What this task involves:
Your task is to transcribe the entries below exactly, beginning with the line containing "Child enjoying outdoor" and ending with the final line, and to add nothing else.

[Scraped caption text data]
▼▼▼

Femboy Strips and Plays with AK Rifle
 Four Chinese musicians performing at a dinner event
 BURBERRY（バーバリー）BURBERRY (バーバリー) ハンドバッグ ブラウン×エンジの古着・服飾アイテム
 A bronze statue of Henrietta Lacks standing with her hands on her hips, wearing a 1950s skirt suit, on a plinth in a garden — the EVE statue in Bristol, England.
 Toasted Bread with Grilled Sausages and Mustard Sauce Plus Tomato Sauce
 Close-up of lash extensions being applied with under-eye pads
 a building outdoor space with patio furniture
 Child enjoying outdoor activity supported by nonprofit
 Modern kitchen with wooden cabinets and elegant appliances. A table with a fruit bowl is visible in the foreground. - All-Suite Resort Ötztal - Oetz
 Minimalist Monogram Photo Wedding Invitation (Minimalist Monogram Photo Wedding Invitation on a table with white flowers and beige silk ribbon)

▲▲▲

Solution for this problem:
 Child enjoying outdoor activity supported by nonprofit
 Modern kitchen with wooden cabinets and elegant appliances. A table with a fruit bowl is visible in the foreground. - All-Suite Resort Ötztal - Oetz
 Minimalist Monogram Photo Wedding Invitation (Minimalist Monogram Photo Wedding Invitation on a table with white flowers and beige silk ribbon)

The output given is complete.